Ocak 19, 2016

Pinokyo'nun Rüyası - Selvi Atıcı // Kitap Yorumu

Kitap: Pinokyo'nun Rüyası
Yazar: Selvi Atıcı
Seri: Kayıp Şehir 2/4
Yayınevi: Nemesis Kitap
Türü: Romantik, Aşk
Sayfa Sayısı: 464 (ciltli/ciltsiz)
Goodreads Puanı: 4.75
Benim Puanım: 5/5
Satın Almak İçin: D&ROkuoku










Arka Kapak


Gecenin karanlığı üzerine en derin koyuluğuyla çöktüğünde Gazel, bir binanın en üst katındaydı. Ve o binadan canlı çıkması imkânsızdı. Hayatta tek bir kez bile olsa, geleceğiyle ilgili bir kararı kendisi verebilmek istedi. Nasıl öleceğini seçebilmek istedi. Onu kovalayan adamlar çoktan o binaya girmiş ve merdivenleri çıkmaya başlamışlardı. Birazdan yakalanacaktı. Ve yine, birilerinin onun adına verdiği kararları uygulamak zorunda kalacaktı. Başkalarının elinde oyuncak olmaktansa, ölmeyi tercih etti. Ve kendini boşluğa bıraktı.
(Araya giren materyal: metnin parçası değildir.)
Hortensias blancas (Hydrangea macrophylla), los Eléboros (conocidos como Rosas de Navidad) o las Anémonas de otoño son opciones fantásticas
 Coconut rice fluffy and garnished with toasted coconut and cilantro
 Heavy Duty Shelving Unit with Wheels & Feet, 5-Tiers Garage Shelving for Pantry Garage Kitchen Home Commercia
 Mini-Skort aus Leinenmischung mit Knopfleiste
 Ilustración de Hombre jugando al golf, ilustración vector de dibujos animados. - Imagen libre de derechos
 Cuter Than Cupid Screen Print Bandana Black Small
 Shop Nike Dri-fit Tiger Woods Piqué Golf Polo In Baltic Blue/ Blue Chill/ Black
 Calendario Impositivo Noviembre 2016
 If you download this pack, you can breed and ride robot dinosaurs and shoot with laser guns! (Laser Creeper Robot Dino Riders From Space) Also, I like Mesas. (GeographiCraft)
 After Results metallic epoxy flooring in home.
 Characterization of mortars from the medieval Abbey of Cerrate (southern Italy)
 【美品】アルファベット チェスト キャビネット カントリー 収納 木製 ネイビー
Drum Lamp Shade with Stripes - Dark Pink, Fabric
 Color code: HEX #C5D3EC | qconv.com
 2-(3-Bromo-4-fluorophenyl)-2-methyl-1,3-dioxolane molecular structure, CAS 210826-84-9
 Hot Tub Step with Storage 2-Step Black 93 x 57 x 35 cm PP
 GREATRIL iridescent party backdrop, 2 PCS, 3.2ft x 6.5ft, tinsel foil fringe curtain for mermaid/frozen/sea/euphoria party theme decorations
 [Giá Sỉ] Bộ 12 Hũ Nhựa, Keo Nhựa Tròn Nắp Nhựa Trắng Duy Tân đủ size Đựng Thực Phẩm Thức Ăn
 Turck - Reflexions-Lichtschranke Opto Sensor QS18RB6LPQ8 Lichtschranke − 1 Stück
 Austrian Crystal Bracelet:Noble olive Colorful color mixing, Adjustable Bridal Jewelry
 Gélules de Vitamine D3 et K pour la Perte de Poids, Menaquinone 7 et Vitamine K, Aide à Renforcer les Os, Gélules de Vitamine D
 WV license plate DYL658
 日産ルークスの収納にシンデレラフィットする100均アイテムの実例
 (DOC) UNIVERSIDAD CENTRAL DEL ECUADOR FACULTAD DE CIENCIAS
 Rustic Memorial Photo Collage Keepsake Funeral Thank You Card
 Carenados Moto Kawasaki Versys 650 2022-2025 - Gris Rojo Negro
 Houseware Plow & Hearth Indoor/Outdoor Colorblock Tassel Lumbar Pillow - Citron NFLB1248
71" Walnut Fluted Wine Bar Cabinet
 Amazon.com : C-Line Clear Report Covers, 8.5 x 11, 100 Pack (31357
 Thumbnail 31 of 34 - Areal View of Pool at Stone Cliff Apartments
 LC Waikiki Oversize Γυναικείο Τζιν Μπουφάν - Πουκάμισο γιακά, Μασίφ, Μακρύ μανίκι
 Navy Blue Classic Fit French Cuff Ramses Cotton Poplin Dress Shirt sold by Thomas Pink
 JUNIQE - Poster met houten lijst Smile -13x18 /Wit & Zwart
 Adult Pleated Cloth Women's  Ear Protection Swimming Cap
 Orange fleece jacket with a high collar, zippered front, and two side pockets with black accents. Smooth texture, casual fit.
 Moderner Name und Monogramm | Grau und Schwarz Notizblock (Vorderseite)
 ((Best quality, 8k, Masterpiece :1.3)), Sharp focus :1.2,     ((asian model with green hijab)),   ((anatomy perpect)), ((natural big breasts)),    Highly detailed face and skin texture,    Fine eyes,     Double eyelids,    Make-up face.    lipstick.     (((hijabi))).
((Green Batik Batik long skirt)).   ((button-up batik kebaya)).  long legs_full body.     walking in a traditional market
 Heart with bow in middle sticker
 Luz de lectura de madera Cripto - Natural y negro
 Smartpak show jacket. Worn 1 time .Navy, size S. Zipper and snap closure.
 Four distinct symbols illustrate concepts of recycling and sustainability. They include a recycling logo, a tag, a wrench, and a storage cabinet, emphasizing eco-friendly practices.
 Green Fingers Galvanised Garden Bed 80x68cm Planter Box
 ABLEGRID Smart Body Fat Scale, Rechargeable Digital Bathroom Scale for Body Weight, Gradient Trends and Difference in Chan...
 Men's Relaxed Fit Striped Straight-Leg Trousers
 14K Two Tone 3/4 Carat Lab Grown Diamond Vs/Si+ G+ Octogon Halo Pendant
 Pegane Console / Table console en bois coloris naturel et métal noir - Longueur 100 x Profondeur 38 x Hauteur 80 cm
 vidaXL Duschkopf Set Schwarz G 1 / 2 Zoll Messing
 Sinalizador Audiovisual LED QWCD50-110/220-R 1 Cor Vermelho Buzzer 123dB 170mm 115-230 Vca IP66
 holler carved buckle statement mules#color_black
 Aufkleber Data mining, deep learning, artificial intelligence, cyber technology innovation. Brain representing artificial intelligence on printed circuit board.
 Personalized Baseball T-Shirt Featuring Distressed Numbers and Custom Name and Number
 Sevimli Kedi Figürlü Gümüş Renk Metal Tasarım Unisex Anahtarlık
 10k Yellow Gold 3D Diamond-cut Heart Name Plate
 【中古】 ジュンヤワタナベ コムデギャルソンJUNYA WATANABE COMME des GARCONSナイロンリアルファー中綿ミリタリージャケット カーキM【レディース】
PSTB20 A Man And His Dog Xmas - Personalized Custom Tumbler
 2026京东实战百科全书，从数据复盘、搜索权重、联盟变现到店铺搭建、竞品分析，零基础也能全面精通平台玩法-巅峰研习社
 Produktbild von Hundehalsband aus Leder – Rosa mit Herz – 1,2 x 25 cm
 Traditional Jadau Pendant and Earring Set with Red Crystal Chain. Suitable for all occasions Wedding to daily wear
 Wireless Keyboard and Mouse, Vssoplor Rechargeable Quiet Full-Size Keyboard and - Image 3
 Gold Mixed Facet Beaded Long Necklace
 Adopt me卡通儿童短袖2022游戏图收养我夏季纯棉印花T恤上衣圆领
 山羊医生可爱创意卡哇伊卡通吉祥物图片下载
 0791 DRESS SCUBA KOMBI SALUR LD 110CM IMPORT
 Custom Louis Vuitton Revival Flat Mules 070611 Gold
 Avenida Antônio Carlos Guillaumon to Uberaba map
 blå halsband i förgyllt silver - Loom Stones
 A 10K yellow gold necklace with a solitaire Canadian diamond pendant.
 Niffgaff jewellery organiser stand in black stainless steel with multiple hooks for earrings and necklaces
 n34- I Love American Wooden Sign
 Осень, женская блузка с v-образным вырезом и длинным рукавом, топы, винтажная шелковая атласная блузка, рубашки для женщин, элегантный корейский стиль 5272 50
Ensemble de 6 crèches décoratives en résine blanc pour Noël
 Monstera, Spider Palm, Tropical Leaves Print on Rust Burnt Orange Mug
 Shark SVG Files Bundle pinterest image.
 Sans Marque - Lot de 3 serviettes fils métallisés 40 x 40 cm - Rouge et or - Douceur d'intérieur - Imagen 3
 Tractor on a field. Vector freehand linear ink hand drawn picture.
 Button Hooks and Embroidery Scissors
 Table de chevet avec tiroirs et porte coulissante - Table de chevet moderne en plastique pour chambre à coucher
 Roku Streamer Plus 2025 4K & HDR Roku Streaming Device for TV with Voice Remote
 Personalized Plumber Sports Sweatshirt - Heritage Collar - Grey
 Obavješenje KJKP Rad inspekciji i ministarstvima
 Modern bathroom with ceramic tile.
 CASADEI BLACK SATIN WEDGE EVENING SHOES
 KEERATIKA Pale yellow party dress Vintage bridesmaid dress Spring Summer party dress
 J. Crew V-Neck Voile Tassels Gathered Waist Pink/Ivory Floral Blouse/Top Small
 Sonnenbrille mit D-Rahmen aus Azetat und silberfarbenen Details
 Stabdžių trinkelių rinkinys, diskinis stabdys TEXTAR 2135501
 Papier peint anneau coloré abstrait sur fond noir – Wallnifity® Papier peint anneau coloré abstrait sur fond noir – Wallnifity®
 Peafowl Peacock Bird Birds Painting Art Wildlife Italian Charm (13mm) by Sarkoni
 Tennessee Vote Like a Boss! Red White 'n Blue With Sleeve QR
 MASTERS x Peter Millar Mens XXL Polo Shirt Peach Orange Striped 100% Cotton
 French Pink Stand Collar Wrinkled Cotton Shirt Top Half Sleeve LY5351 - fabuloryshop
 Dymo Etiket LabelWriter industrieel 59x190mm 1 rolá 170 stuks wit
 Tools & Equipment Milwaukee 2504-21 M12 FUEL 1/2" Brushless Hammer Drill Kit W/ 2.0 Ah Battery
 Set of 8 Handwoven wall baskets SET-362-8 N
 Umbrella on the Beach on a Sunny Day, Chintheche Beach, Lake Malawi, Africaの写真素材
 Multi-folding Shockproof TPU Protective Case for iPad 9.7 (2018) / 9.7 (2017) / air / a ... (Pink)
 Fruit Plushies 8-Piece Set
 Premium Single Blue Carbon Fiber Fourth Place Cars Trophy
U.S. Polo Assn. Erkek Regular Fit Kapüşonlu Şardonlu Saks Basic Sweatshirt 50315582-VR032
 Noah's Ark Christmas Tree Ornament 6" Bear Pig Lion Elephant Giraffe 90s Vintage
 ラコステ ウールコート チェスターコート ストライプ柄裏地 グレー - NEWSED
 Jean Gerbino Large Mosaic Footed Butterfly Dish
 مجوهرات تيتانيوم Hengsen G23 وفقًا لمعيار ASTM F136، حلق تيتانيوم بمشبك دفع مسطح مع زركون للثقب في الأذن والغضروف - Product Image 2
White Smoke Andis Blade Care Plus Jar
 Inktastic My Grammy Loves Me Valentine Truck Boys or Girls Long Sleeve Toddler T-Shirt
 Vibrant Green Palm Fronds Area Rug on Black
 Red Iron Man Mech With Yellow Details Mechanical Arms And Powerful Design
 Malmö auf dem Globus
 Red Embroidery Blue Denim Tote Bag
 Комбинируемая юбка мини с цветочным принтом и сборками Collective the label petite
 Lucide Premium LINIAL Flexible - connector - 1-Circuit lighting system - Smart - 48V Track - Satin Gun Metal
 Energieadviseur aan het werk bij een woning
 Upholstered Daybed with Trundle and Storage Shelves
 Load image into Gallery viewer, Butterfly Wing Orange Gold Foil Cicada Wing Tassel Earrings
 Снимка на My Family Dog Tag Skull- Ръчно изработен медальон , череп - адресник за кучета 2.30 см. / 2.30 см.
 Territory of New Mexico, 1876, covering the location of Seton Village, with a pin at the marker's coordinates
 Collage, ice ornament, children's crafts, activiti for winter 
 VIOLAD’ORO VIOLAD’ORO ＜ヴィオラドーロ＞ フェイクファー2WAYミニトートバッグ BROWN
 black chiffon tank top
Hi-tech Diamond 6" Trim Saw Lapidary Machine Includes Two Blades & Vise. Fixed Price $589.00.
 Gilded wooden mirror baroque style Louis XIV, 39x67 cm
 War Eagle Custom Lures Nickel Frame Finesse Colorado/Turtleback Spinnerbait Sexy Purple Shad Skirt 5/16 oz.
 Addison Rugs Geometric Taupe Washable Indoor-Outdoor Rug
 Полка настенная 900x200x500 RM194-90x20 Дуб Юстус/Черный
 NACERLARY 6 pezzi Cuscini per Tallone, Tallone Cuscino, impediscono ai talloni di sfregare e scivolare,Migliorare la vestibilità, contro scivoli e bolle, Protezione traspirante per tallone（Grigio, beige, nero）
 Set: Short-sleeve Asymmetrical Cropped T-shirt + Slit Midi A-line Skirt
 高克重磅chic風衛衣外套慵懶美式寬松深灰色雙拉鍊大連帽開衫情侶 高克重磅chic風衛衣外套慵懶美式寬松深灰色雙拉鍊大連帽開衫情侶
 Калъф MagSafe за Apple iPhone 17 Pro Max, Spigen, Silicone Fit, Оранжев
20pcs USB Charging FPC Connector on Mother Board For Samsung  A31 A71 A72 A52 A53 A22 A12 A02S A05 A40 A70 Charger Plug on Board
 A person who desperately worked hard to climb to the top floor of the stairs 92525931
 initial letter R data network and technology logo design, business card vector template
Aynı gece, Ömer’in üzerine de kopkoyu bir karanlıkla çökmüştü. Bütün gün hastalarıyla ilgilenmiş ve ameliyattan ameliyata koşturmuştu. Trafikten kurtulmak için girdiği ara yolda ilerlerken aklından geçen karmakarışık düşünceler, büyük bir gürültü ve sarsıntıyla bölündü.

Pat!

Arabasının üzerine bir şey düşmüştü. İlk anda ne olduğunu anlayamadı ama birkaç saniye sonra ön camına doğru uzanan bir kadın eliyle karşı karşıya kaldı. O el Ömer’e, ‘beni tut’ diye yalvarıyor gibiydi.
O eli tuttuğu anda, artık hiçbir şey eskisi gibi olmayacaktı. Ne Ömer için; ne de Gazel için…


Benim Yorumum

Aşık oldum aşık oldum kitabın kapağına aşık oldum :D Öyle tatlı ki ama :) Çok güzel bir albenisi var çok tatlı bir kapak renk uyumu falan da süper. Ben kitabın ciltli baskısını aldım biliyorsunuz yayınevi çok güzel bir şey yapmış hem ciltli hem de karton kapak baskılı yapmış. Bende ciltli baskısını aldım ciltli kitaplar ayrı bir güzel. Söze kitabın kapağından başlayayım dedim. Çok güzel kapağı ilk gördüğümde bayıldım bence insanı çeken bir yapısı var ve çok tatlı olduğu için aldım. Bu kız gerçek mi ya falan dedim hatta kendi kendime :)) Kapağa bayıldığımı söyleyerek cidden çok güzel ama sözümü bitireyim çünkü kapaktan konuşmaktan yorum yapamayacağım :)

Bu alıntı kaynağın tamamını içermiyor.